When the company moved upstate from its New York space seven years ago, Koepke, who lives nearby in Cold Spring, was skeptical. “I thought it was risky,” he says. “But it’s actually been better — people love taking the day to come up here, and I think they really appreciate the environment.”
Not to mention the selection. “You can travel the globe, all in one place,” says Rebecca Kaufman, creative director of apparel and footwear for Nike’s Global Golf line, who has been making frequent visits to the library for the past year. “Throw your dart and land on any subject matter and they’ve got something to fill your need — from French tapestries to chinoiserie.”
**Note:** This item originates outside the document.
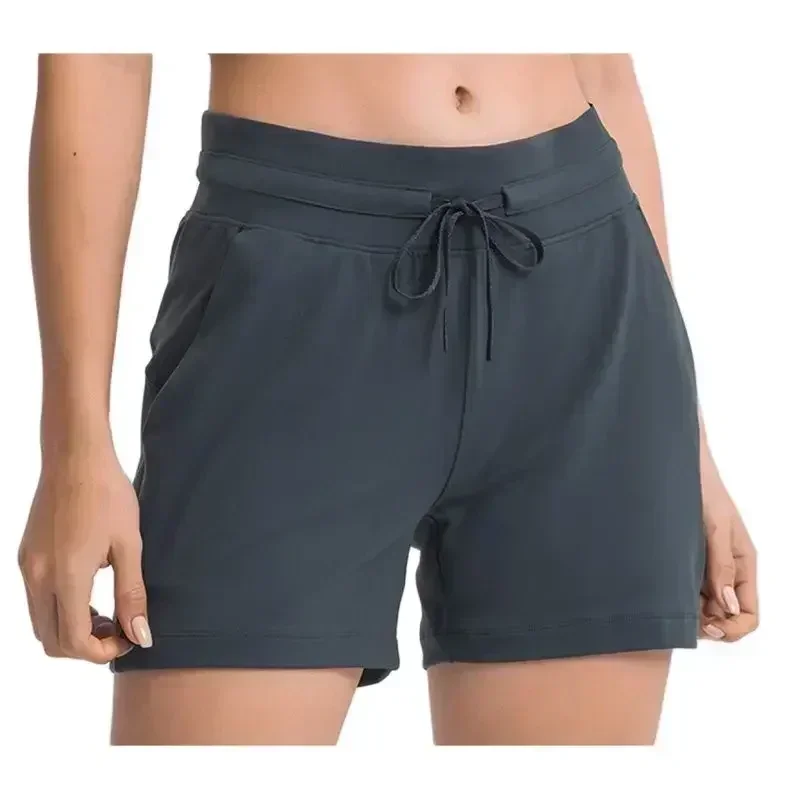 Limão-Lycra Material Calções Esportivos Femininos, Shorts de Corrida, Alta Elasticidade, Secagem Rápida, Corrida, Yoga, Tênis, Ventilação, Esportes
Kaufman also waxes poetic about the location. “The environment alone is inspiring,” she says. “Then, you enter the actual space and it’s simply amazing what they have.” Her recent acquisition? A Japanese paper impression from the early 20th century that was originally created to be made into a wood etching screen to print kimonos. Kaufman had it developed into a print for a men’s cotton polo for the company’s high-end Tiger Woods line. “We later had that painting framed and put in our studio,” she says. “You’re working with a piece of history, which is quite incredible.” For Nike’s women’s line, Kaufman often uses pieces from the library to inspire layering ideas. “It creates great dimension, for instance, to use a French tapestry as an embossing, then layer a print on top that has more of an Eastern influence, something more graphic and hard-edged,” she says.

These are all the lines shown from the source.